O temporal registrado em Piracicaba no dia 22 de setembro de 2025 ocorreu por volta das 16h21 UTC (13h21 local) e atingiu todo o município. O evento foi marcado por uma onda de downbursts associada à formação de duas supercélulas com topos de até 15 km de altitude, inseridas em um Sistema Convectivo Quase-Linear (QLCS).
Os ventos chegaram a 95,04 km/h na estação do INMET localizada no bairro Agronomia e foram estimados em até 111,2 km/h no bairro Jupiá, a partir de simulação numérica.
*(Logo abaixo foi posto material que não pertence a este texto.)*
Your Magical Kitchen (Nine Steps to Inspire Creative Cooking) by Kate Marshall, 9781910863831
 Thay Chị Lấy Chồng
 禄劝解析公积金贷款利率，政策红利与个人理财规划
O INMET também registrou precipitação de 10,2 mm e taxa de precipitação superior a 120 mm/h. Foi a segunda tempestade mais intensa de 2025 em termos de velocidade dos ventos, atrás de 10 de outubro de 2025 (150 km/h), e a quarta mais severa da década de 2020, atrás de 28 de dezembro de 2024 (~120 km/h), 27 de setembro de 2023 (132,5±2,5 km/h) e 10 de outubro de 2025.
O evento apresentou temporariamente a ocorrência do maior mesociclone já documentado em Piracicaba, com 4 km de diâmetro, que passou sobre municípios ao sul e foi avistado a partir da cidade, até ser superado por um registro de 10 km em 7 de dezembro de 2025, embebido em uma supercélula HP que gerou um tornado em Rio das Pedras.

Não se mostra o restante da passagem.